There’s something to be said for a new designer presenting a first collection on the down low, as Daniel Lee did at Bottega Veneta (no show, just a lookbook). Vitale is under a tremendous amount of pressure, and this could alleviate expectations. However, it’s hard to believe this wasn’t related to the Prada Group’s $1.4 billion deal to buy Versace from Capri, which is set to close in September, just days before the show was
scheduled to take place. While the decision was made on the Versace side, the Prada Group benefits from shielding Vitale until they have a final say—not only on the collection, but also the imagery, presentation, etcetera. After all, the Prada Group will presumably make big infrastructure changes at Versace—and fast. - Playing the hits at Condé Nast: The funniest thing about last week’s Eva Chen–Vogue
update, in which I mentioned that she is not-not in the running for Vogue’s U.S. content head gig, was that it triggered so many responses. And not about the fate of Vogue—or even this editor search. Instead, many people have an opinion about what Chen should do with her life, including my best friend
from college. (Another big takeaway was that reading comprehension levels are incredibly low, but that’s another story.) Anyway, as I mentioned, no decision has been made internally—people are still submitting proposals—but it would not make sense for Chen to take this job.
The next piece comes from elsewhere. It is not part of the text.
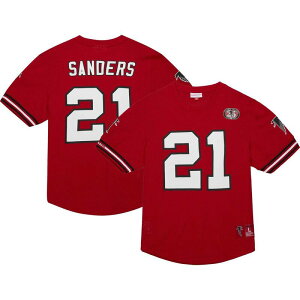 �~�b�`�F��&�l�X �����Y �g�b�v�X T�V���c ���b�V�� Men's Mitchell & Ness Deion Sanders Red Atlanta Falcons Retired Player Name & Number Mesh Top Fal Red ���b�h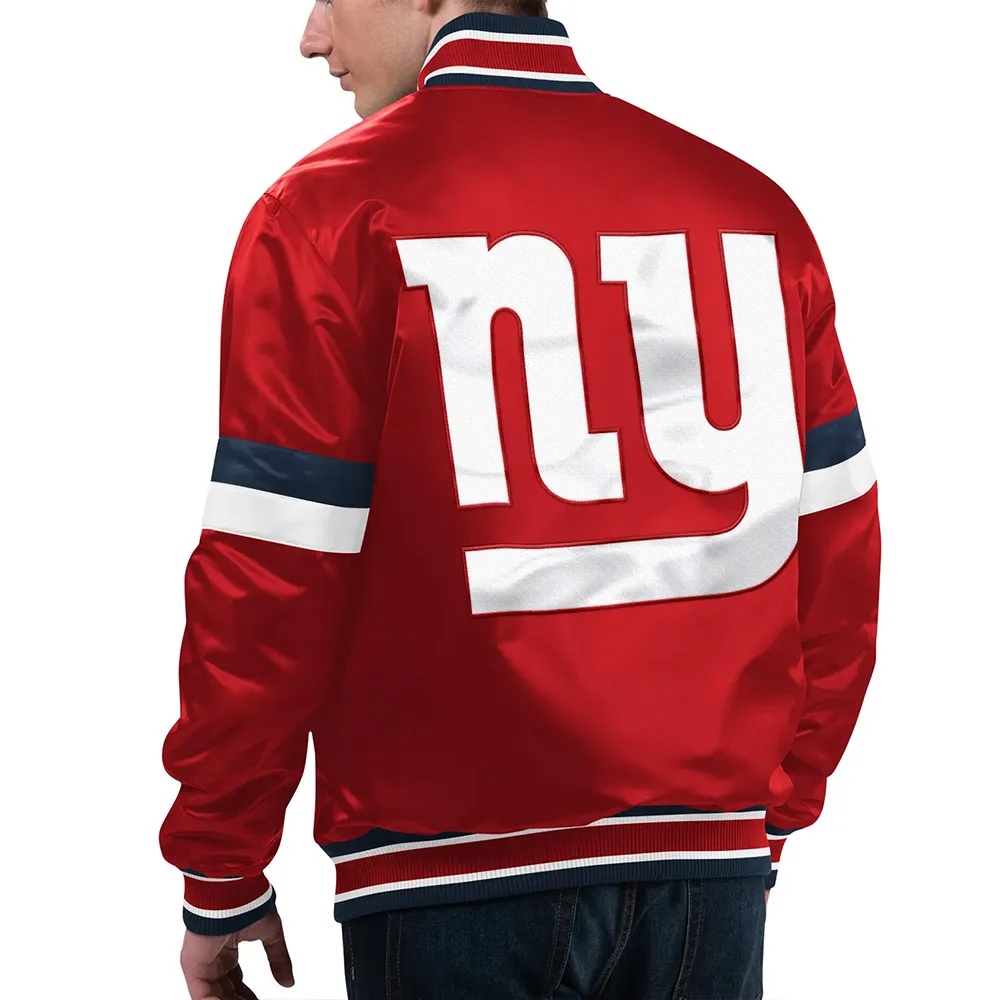 New York Giants Home Game Red Satin Jacket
Meanwhile, more names popped up in the discourse. Most people are still betting on Chloe Malle (a safe choice, à la Mark Guiducci at Vanity Fair), and others
are rooting for Nicole Phelps, the director of Vogue Runway, or Carlos Nazario, style director at large at Harper’s Bazaar. Selby Drummond! Whether or not any of these people are still in the running (or ever were) is not for me to say.
Another Wintour loyalist whose name has emerged multiple times is Amy Astley, the editor-in-chief of Architectural Digest. Astley, a former beauty editor and
long-long-longtime Wintour deputy, was the original editor-in-chief of Teen Vogue. She’s a very good editor, has taste, is generally beloved by her staff, and was long thought to be The One, especially in the late 2000s when Teen Vogue was a big hit, because we all loved seeing rich-girl real estate. (Back in those days, as you’ll recall, Astley’s partner on the
publishing side was Gina Sanders, who happened to be married to Steve Newhouse.)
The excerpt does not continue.